From what I understand, "no" is only to be used when there is danger present--such as your kid preparing to tongue a light socket or touch a hot skillet on the stove. "No" is not to be used for the ten thousand other things your kid is constantly doing now that he's super-mobile. I guess saying "no" simply teaches kids to say it right back to you even sooner.
"No" is hard for me to let go of. I have two dogs, and "no" is a big part of their lives. "No," in fact, works pretty well with dogs. It doesn't always work for babies though. Mine just looks at me when a "no" slips out and usually smiles or laughs and/or continues on with whatever he's doing that I'd rather he not.
My husband laughs about what sorts of things we're supposed to say instead of "no." He asks if we're supposed to say things like, "I'd really rather you find another activity than continue to pull all my hardback books off the shelves." At least, lengthy as that is, it would teach our son more vocabulary.

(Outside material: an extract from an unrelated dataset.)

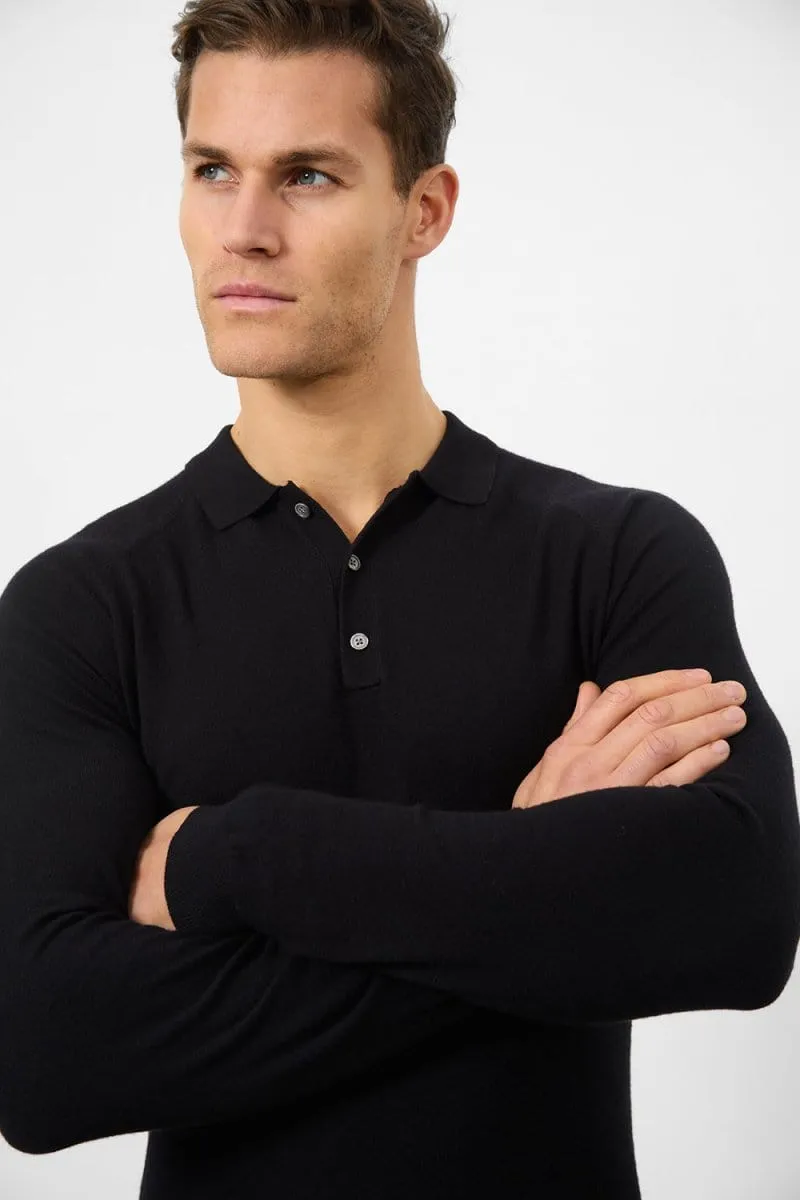 Knitted Polo Shirt in Black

I try not to say it, but occasionally it slips out anyway. Then I feel sort of bad. Then I get over it. I try to pick the kid up, move him to another area and another activity and hope for the best. Ten times out of ten he's back doing what he is not supposed to be doing before I can even sit down. So, sorry, but sometimes he gets a firm "no." And sometimes it actually works.
Any ideas what else we might do to avoid using this old standby? I'm tired of hearing myself say--or think--the word "no!"